Du Wei, Ding Shifei, Zhang Chenglong, Shi Zhongzhi
IEEE Trans Neural Netw Learn Syst. 2023 Oct;34(10):6851-6860. doi: 10.1109/TNNLS.2022.3215774. Epub 2023 Oct 5.
Most recent research on multiagent reinforcement learning (MARL) has explored how to deploy cooperative policies for homogeneous agents. However, realistic multiagent environments may contain heterogeneous agents that have different attributes or tasks. The heterogeneity of the agents and the diversity of relationships cause the learning of policy excessively tough. To tackle this difficulty, we present a novel method that employs a heterogeneous graph attention network to model the relationships between heterogeneous agents. The proposed method can generate an integrated feature representation for each agent by hierarchically aggregating latent feature information of neighbor agents, with the importance of the agent level and the relationship level being entirely considered. The method is agnostic to specific MARL methods and can be flexibly integrated with diverse value decomposition methods. We conduct experiments in predator-prey and StarCraft Multiagent Challenge (SMAC) environments, and the empirical results demonstrate that the performance of our method is superior to existing methods in several heterogeneous scenarios.

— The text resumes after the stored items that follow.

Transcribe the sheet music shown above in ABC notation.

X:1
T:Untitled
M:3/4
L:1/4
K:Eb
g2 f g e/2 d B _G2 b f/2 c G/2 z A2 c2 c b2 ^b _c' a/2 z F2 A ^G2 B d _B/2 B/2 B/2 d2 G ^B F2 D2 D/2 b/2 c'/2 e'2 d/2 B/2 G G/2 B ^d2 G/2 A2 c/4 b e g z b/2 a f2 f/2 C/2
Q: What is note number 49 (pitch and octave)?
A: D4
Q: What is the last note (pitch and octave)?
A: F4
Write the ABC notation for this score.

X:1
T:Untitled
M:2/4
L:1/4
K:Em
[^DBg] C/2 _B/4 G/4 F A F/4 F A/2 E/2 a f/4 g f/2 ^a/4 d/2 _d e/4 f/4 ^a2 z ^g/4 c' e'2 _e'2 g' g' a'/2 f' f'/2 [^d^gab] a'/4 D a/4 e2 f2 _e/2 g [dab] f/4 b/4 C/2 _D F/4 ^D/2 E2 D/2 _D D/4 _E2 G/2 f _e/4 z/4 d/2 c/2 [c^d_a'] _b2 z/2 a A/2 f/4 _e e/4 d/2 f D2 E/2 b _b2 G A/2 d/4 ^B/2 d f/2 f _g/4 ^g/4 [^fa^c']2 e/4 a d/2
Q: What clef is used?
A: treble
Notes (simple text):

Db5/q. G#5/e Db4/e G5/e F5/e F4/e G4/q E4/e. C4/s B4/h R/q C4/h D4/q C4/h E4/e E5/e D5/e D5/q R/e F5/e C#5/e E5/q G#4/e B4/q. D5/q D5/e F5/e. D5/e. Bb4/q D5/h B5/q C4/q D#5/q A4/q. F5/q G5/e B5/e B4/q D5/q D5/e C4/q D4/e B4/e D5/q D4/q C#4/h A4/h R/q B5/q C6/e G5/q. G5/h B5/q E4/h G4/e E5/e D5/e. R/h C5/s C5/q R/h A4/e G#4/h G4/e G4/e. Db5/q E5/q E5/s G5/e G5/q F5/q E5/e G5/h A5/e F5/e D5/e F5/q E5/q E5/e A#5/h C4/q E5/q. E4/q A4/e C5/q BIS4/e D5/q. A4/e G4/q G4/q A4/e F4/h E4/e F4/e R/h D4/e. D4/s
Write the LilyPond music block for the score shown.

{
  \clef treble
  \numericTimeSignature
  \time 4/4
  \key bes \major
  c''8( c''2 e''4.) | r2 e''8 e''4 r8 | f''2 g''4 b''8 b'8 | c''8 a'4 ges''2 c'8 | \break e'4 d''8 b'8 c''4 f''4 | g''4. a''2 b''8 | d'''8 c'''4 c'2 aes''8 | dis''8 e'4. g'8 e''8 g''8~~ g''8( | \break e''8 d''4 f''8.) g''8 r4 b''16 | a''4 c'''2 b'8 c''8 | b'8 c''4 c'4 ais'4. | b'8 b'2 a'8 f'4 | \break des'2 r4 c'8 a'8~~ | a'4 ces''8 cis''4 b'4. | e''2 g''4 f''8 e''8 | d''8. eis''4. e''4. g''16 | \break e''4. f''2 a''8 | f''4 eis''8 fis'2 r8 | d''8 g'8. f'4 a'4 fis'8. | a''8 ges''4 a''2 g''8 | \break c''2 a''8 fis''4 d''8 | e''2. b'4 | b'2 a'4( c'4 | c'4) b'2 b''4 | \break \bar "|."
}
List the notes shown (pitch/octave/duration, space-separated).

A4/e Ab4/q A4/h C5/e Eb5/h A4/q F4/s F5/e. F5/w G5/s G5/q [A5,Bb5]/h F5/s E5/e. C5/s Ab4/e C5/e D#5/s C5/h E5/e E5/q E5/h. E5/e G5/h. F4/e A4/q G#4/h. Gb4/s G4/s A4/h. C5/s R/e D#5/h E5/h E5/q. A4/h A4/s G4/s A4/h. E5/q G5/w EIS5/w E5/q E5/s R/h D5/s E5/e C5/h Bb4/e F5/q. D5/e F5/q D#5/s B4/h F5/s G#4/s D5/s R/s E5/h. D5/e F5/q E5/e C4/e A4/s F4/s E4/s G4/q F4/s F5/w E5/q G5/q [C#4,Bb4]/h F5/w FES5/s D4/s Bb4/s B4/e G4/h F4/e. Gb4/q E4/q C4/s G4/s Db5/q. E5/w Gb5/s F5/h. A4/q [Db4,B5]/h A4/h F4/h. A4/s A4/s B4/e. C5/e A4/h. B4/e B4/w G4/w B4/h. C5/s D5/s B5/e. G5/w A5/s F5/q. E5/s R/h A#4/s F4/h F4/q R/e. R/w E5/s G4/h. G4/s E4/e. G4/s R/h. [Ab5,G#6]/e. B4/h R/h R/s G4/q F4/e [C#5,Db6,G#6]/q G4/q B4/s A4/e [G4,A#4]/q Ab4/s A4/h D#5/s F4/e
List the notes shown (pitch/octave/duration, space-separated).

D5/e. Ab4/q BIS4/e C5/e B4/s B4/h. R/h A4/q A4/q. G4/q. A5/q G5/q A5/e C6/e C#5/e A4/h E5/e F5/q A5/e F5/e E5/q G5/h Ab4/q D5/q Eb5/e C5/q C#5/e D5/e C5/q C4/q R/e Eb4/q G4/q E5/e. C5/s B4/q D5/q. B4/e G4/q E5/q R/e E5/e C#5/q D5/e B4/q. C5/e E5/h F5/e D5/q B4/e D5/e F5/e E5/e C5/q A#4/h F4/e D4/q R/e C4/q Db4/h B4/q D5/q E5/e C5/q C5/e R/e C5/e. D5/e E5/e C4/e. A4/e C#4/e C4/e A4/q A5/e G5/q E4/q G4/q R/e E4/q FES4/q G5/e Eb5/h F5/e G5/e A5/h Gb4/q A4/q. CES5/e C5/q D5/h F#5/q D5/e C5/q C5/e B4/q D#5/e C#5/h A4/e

最近关于多智能体强化学习(MARL)的研究大多探讨了如何为同质智能体部署合作策略。然而,现实中的多智能体环境可能包含具有不同属性或任务的异质智能体。智能体的异质性和关系的多样性使得策略学习过于困难。为了解决这一难题,我们提出了一种新颖的方法,该方法采用异构图注意力网络对异质智能体之间的关系进行建模。所提出的方法可以通过分层聚合邻居智能体的潜在特征信息,为每个智能体生成一个综合特征表示,同时充分考虑智能体层面和关系层面的重要性。该方法与特定的MARL方法无关,可以灵活地与各种值分解方法集成。我们在捕食者 - 猎物和星际争霸多智能体挑战赛(SMAC)环境中进行了实验,实证结果表明,在几种异质场景下,我们的方法性能优于现有方法。